Abstract:
A design-point thermodynamic model of the Brayton-cycle gas-turbine
under assumptions of perfect chemical equilibrium is described.
This approach is novel to the best knowledge of the author.
The model uniquely derives an optimum work balance between power
turbine and nozzle as a function of flight conditions and propulsor
efficiency.
The model may easily be expanded to allow analysis and comparison of
arbitrary cycles using any combination of fuel and oxidizer.
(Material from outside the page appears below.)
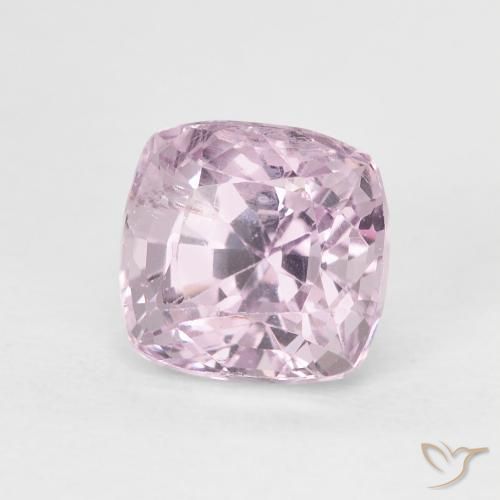 Spinello Rosa Molto Chiaro naturale da 1.68 ct, Cuscino, VS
The model allows the consideration of engines under a variety of
conditions, from sea level/static to >20 km altitude and flight Mach
numbers greater than 4.
Isentropic or polytropic turbomachinery component efficiency standards
may be used independently for compressor, gas generator turbine and
power turbine.
With a methodology based on the paper by M.V. Casey, “Accounting
for losses” (2007), and using Bridgman’s partial differentials , the
model uniquely describes the properties of a gas turbine solely by
reference to the properties of the gas mixture passing through the
engine.
Turbine cooling is modelled using a method put forward by Kurzke.
Turboshaft, turboprop, separate exhaust turbofan and turbojet engines
may be modelled. Where applicable, optimisation of the power turbine
and exhaust nozzle work split for flight conditions and component
performances is automatically undertaken.
The model is implemented via a VB.net code, which calculates
thermodynamic states and controls the NASA CEA code for the
calculation of thermodynamic properties at those states. Microsoft
Excel® is used as a graphical user interface.
It is explained that comprehensive design-point cycle analysis may
allow novel approaches to off-design analysis, including engine health
management, and that further development may allow the automation of
cycle design, possibly leading to the discovery of opportunities for
novel cycles.